Pragmatism is ... simply anti-essentialism applied to notions like "truth," "knowledge," "language," "morality," and similar objects of philosophical theorizing. (p 162)

Pragmatism starts from the fact (or warranted belief) that we cannot escape a limited human perspective and see reality as it "truly" is. Reality does not have an intrinsic nature that we can disover, or, if it does, we have no way of knowing that we have discovered it. This view is not unique to pragmatism. What is unique is the conclusion pragmatists draw from it: Given that we cannot choose between rival theories (such as scientific theories) based on their correspondence to some "objective" reality, we should choose based on how well the theories meet our goals. The value of a theory derives from its practical benefits.

When Rorty says that pragmatism is "anti-essentialism" with regard to truth, he is using "essence" in the philosophical sense, where it means a single set of core attributes that define all and only the concept. For some philosophers, for example, the essence of water is its chemical composition. Pragmatists do not believe that the concept of truth has an essence.

"Relativism" is the view that every belief on a certain topic, or perhaps about any topic, is as good as every other. No one holds this view. ... The philosophers who get called "relativists" are those who say that the grounds for choosing between such opinions are less algorithmic than had been thought. ... The association of pragmatism with relativism is a result of a confusion between the pragmatist's attitude toward philosophical theories with his attitude toward real theories. (p 166-167) [Pragmatists are "metaphilosophical relativists," but do provide a way to decide between rival "real" theories; namely, how well they acheive our purposes.]

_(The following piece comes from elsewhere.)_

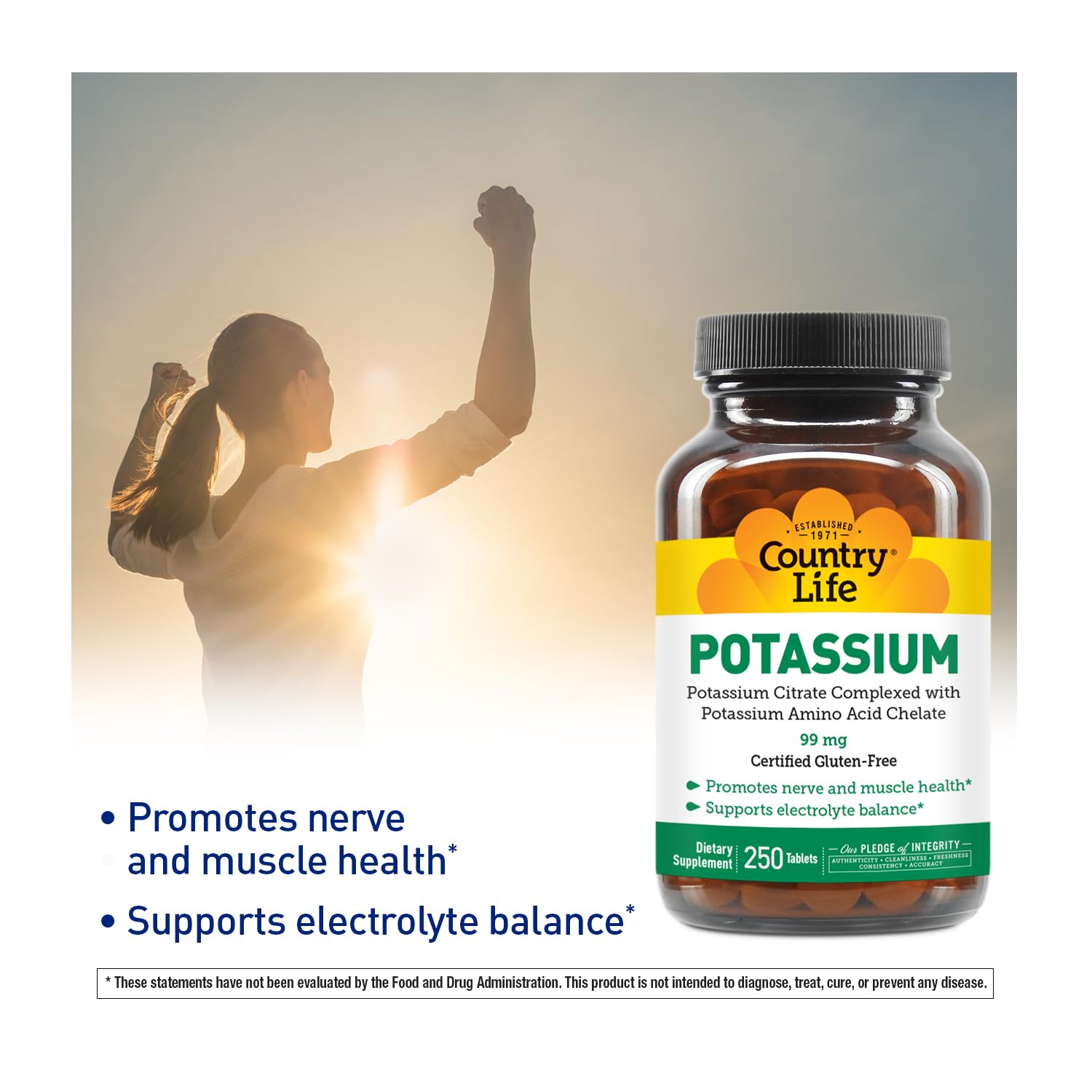 Foto 3 pulgar | Suplemento Country Life Potasio 99 Mg Quelatado 250 Comprimidos - Venta Internacional.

On [the pragmatists'] view, the Socratic virtues -- willingness to talk, to listen to other people, to weigh the consequences of our actions upon other people -- are simply moral virtues. They cannot be inculcated or fortified by theoretical research into essence. Irrationalists who tell us to think with our blood cannot be rebutted by better accounts of the nature of thought, or knowledge, or logic. (172)

In this book, Rorty does not provide many arguments supporting the pragmatic theory of truth — or rather the pragmatic view that no such theory is possible or necessary. Instead, he focuses on what the lack of such a theory means to philosophy. If you are looking for an explanation of the philosophy of pragmatism, this book is not the place.

The Pragmatic Tradition

The founders of pragmatism were the American philosophers William James, Charles Pierce, and James Dewey. Rorty is particularly fond of Dewey. Rorty also finds the key features of pragmatic thought in the European philosophers Wittgenstein, Heidegger, Nietzsche, and Derrida. He sees these thinkers as recognizing the failure of "scientific" philosophy, accepting our inability to achieve certainty, and (mostly) resisting the temptation to offer an alternative worldview to the one they are criticizing.

The Americans and the Europeans make the same points and hold the same positions, but present themselves "in different tones of voice" (p 150). The Americans, Dewey in particular, focus on social hope, whereas the Europeans, especially Nietzsche and Foucault, focus on power.

The realization that we shall never achieve such certainty makes us alternate between despair at there being nothing but power in the world, and intoxication at our own possession of power (p 46).

One can emphasize, as Dewey did, the moral importance of the social sciences — their role in widening and deepening our sense of community and of the possibilities open to this community. Or one can emphasize, as Michel Foucault does, the way in which the social sciences have served as instruments of "the disciplinary society," the connection between knowledge and power rather than between knowledge and human solidarity. (p 203-4)

He believes that other philosophers routinely misunderstand such thinkers by trying to understand them using inappropriate dichotomies that they reject.

World Well Lost
The first essay, titled "World Well Lost," differs from the rest in that it makes a philosophical argument supporting the pragmatic view rather than exploring how the pragmatic view changes the role of philosophy. I think Rorty makes a few vital and interesting arguments, but they are unfortunately difficult to tease out from the weak organization and traditional philosophical jargon.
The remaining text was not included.